> _Data section_:
=-=-=-=-=

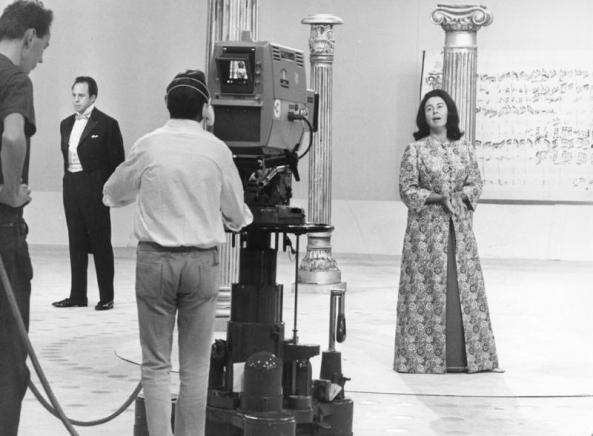 BRD, ehemalige Bundesrepublik Deutschland, Auto, M�bel, Wirtschaftswunder, Aufbruch, Nachkriegszeit, Nachkriegsjahre, Ruinen, Erna Wagner-Hehmke, Marshallplan, Bonn, Haus der Geschichte, Vorkriegsmoderne, K�fer, Nierentisch, Bungalow, Museum August Kestner, Design, Straubing, Wiederaufbau und Wirtschaftswunder, Wandel der Arbeitswelt nach 1945, Globalisierung, Werbung, Erfolgscigaretten, Amerika, Holz, Naturstein, Josef Heinrich Darchinger, Herbert Maschke, Konsumgesellschaft, Bonner Republik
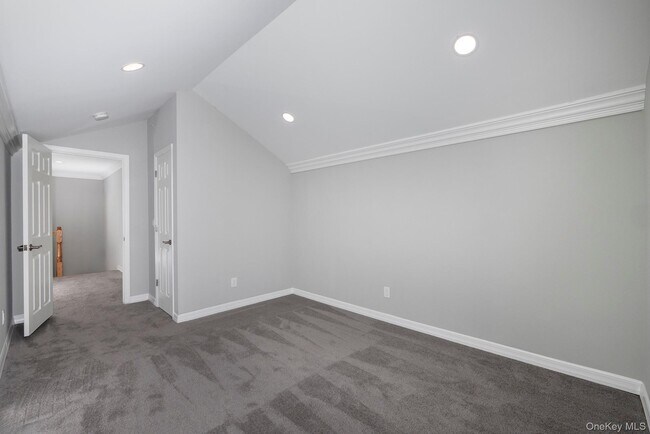 Building Photo - 37 Oakridge Cir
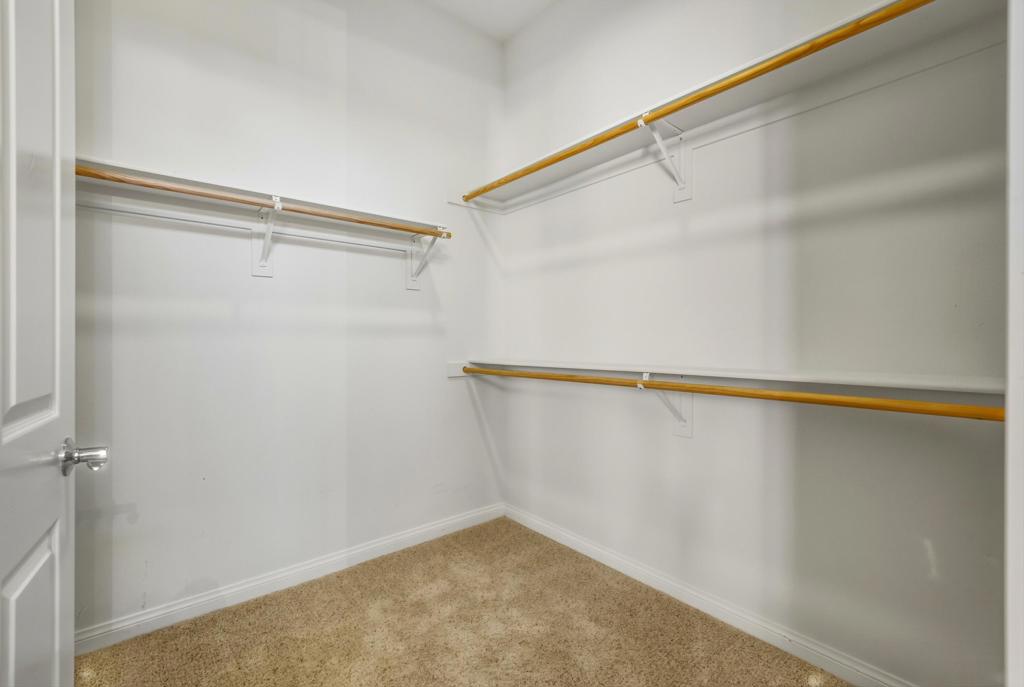 81406 Avenida Altamira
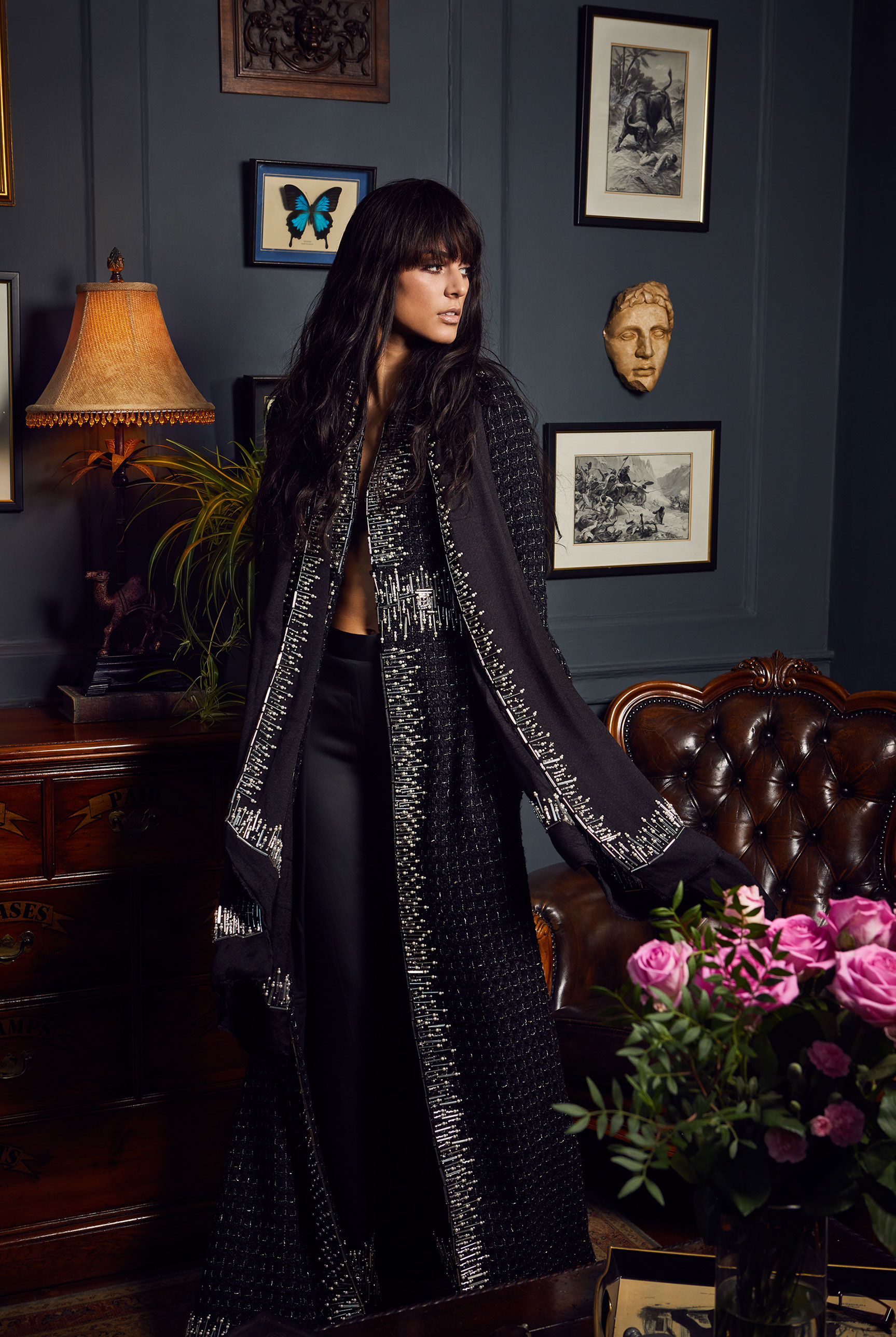 Модное платье DeWar Brand / Sundal Roy by Claire Harrison / Harpers Bazaar India december 2017 Модное платье DeWar Brand / Sundal Roy by Claire Harrison / Harpers Bazaar India december 2017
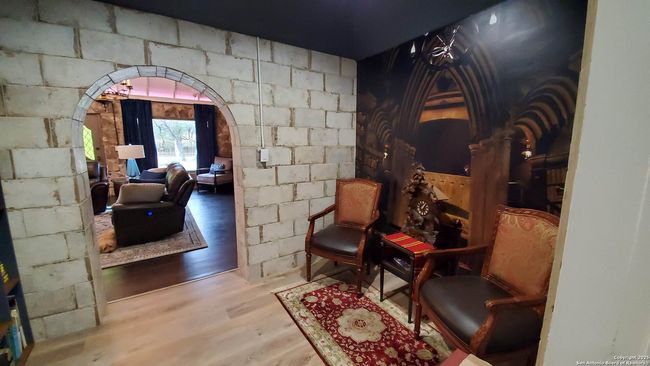 9810 Park Dr, House other with 2 bedrooms, 3 bathrooms and null parking in Helotes TX | Image 7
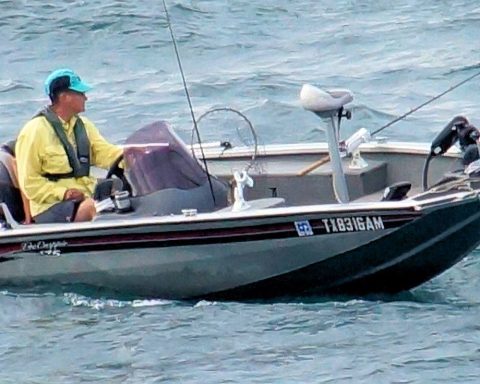 boat in canyon lake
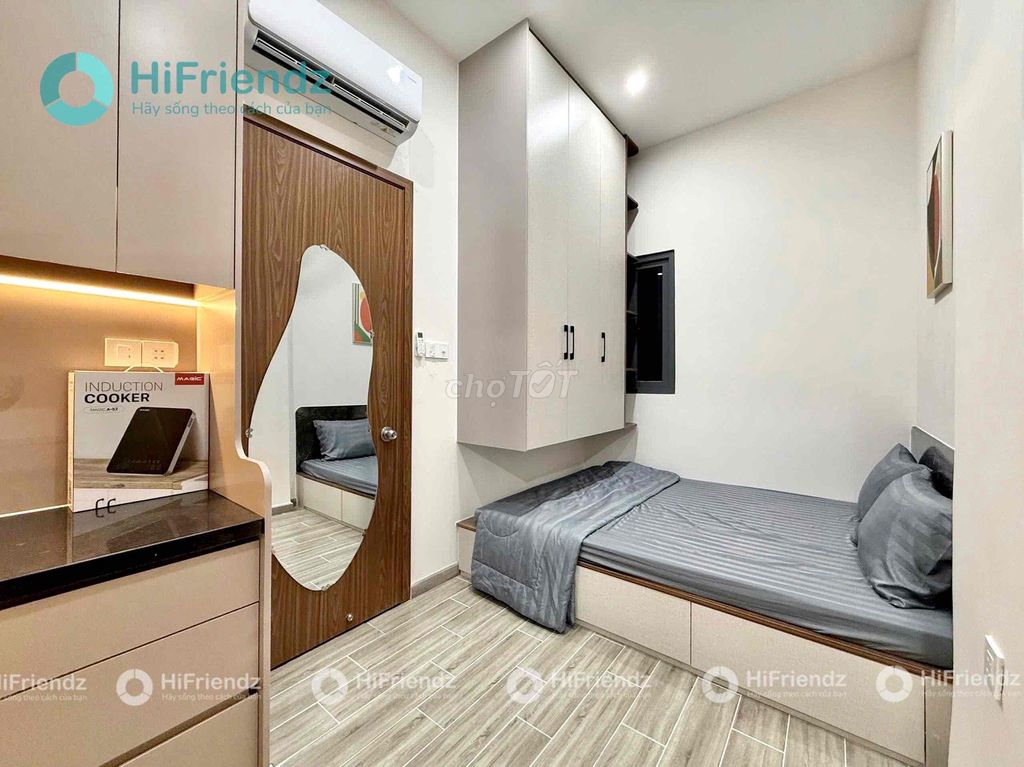 The new home studio is full of high-level unspoiled furniture at the corner of the bedroom.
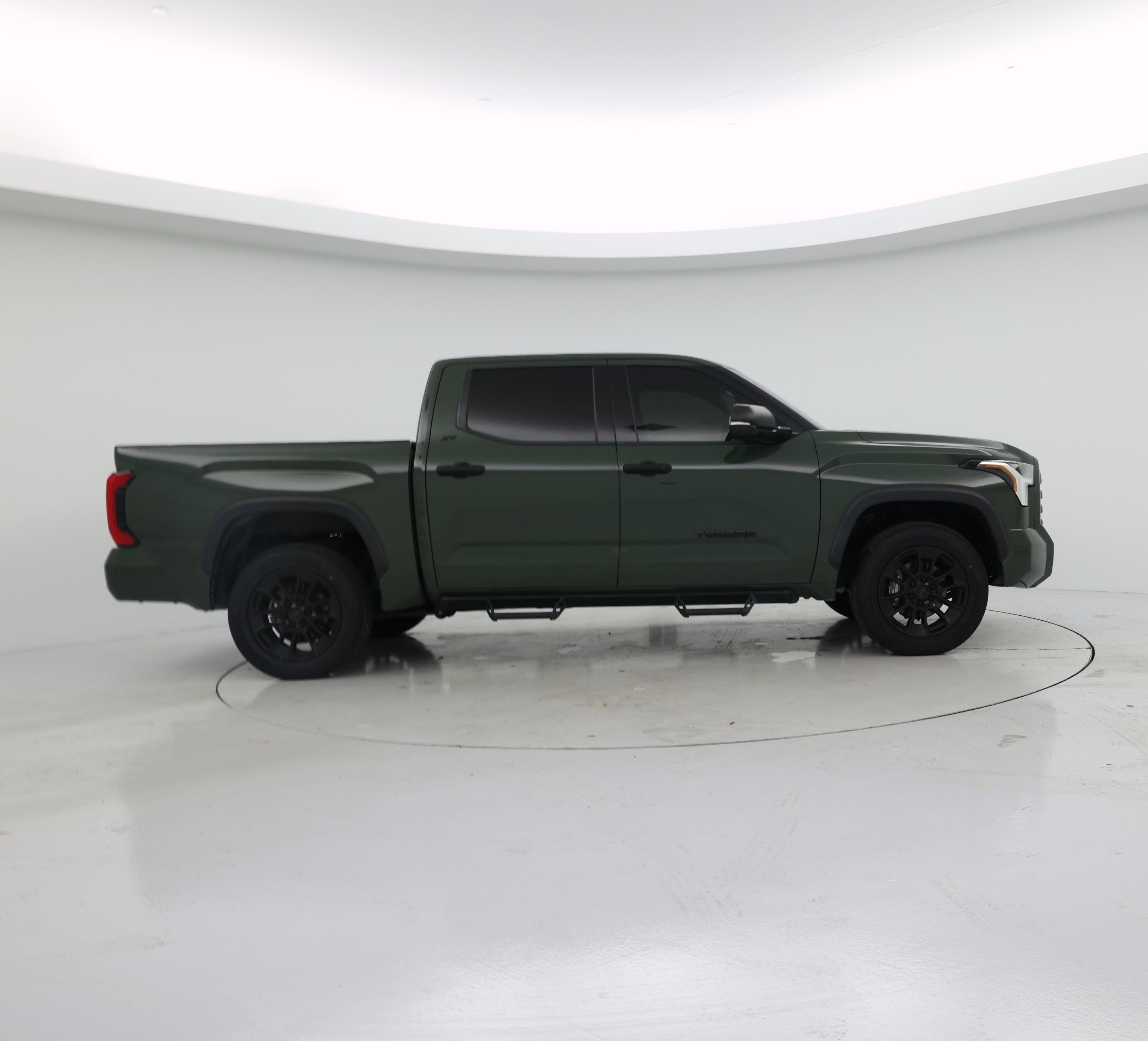 Thumbnail: 2023 Toyota Tundra - 7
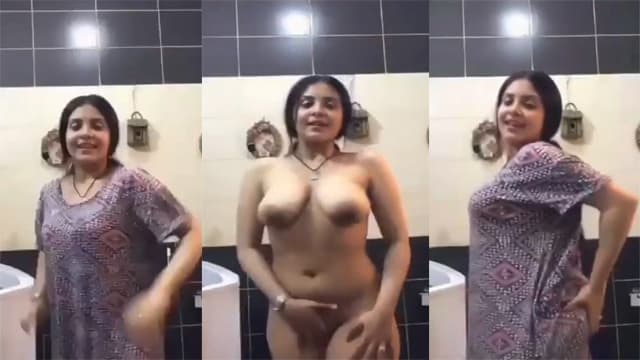 Sexy mother shows her pussy on video free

=-=-=-=-=

> _Work order_: The reply must match the records exactly, apart from the pictures, which are left out.

> _Written response_:
 BRD, ehemalige Bundesrepublik Deutschland, Auto, M�bel, Wirtschaftswunder, Aufbruch, Nachkriegszeit, Nachkriegsjahre, Ruinen, Erna Wagner-Hehmke, Marshallplan, Bonn, Haus der Geschichte, Vorkriegsmoderne, K�fer, Nierentisch, Bungalow, Museum August Kestner, Design, Straubing, Wiederaufbau und Wirtschaftswunder, Wandel der Arbeitswelt nach 1945, Globalisierung, Werbung, Erfolgscigaretten, Amerika, Holz, Naturstein, Josef Heinrich Darchinger, Herbert Maschke, Konsumgesellschaft, Bonner Republik
 Building Photo - 37 Oakridge Cir
 81406 Avenida Altamira
 Модное платье DeWar Brand / Sundal Roy by Claire Harrison / Harpers Bazaar India december 2017 Модное платье DeWar Brand / Sundal Roy by Claire Harrison / Harpers Bazaar India december 2017
 9810 Park Dr, House other with 2 bedrooms, 3 bathrooms and null parking in Helotes TX | Image 7
 boat in canyon lake
 The new home studio is full of high-level unspoiled furniture at the corner of the bedroom.
 Thumbnail: 2023 Toyota Tundra - 7
 Sexy mother shows her pussy on video free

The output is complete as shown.